• **Assignment**
Working from the records below, repeat exactly the lines starting at the line that contains "White Plastic Folding" and ending at the line that contains "1904 Gillette Razor", inclusive.

• **Exercise inputs**

<<<<

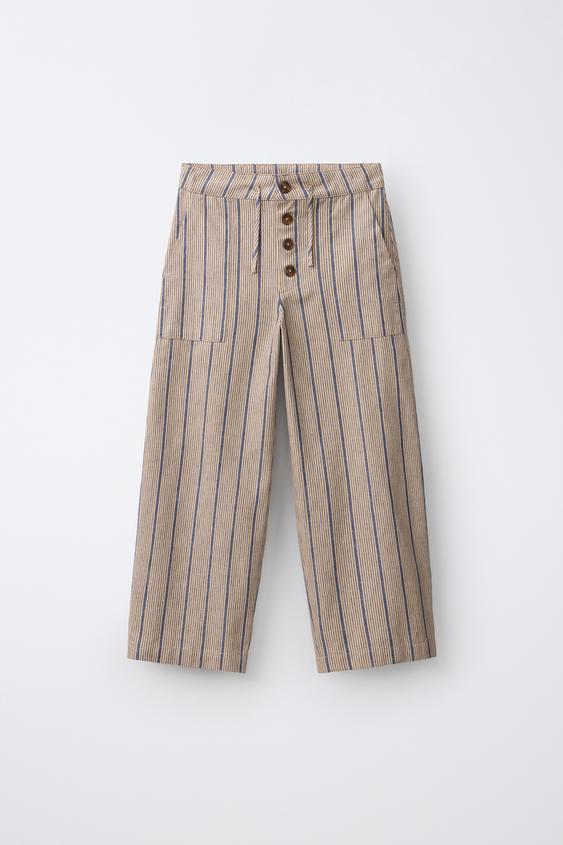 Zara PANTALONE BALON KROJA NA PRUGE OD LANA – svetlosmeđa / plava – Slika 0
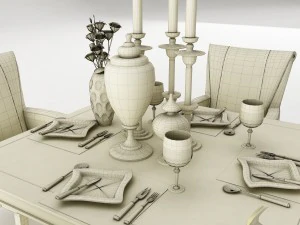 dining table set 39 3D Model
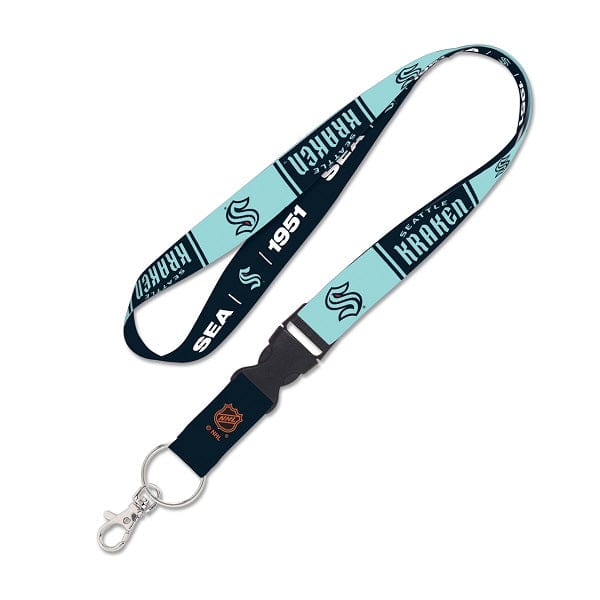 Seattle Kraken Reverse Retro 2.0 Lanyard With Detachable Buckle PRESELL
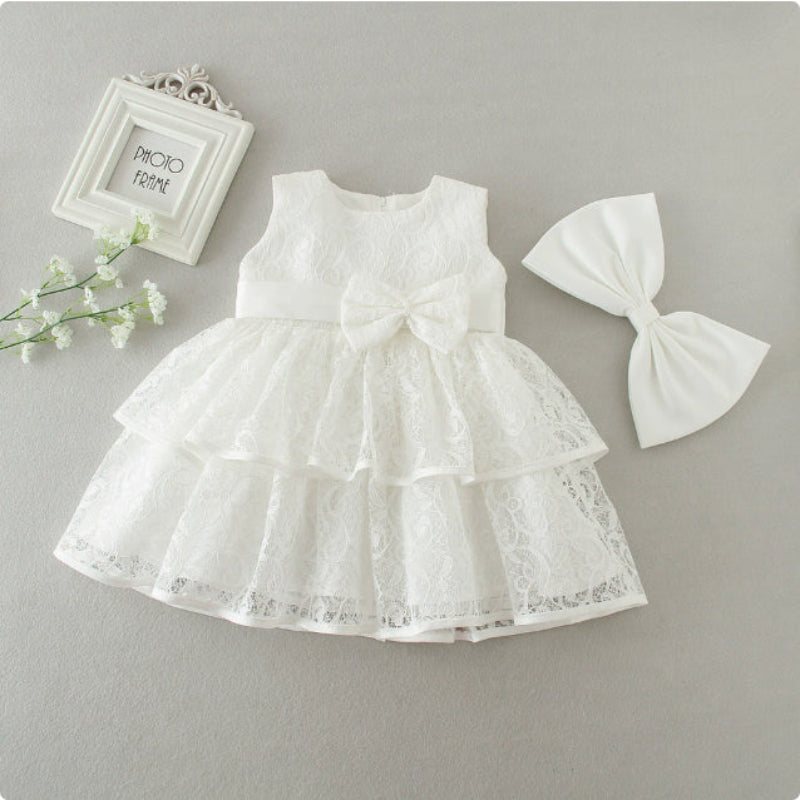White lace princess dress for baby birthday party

>>>>
<<<<

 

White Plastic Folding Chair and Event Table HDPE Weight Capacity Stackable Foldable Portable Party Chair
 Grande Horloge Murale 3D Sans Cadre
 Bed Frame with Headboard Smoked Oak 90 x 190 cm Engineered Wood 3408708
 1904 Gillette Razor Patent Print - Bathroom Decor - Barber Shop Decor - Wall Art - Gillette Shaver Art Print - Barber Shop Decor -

>>>>
<<<<

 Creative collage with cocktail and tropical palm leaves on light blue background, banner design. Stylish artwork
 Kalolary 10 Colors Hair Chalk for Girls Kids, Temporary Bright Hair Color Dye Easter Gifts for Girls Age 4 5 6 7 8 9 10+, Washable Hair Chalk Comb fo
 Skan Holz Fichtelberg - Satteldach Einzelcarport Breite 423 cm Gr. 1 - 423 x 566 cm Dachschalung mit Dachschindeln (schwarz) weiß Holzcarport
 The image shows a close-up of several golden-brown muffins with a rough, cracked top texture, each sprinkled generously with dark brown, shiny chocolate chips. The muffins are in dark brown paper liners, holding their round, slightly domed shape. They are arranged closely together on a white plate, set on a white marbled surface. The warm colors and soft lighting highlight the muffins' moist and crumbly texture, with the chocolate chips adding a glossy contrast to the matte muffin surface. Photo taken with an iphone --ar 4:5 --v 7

>>>>

• **Exercise response**
White Plastic Folding Chair and Event Table HDPE Weight Capacity Stackable Foldable Portable Party Chair
 Grande Horloge Murale 3D Sans Cadre
 Bed Frame with Headboard Smoked Oak 90 x 190 cm Engineered Wood 3408708
 1904 Gillette Razor Patent Print - Bathroom Decor - Barber Shop Decor - Wall Art - Gillette Shaver Art Print - Barber Shop Decor -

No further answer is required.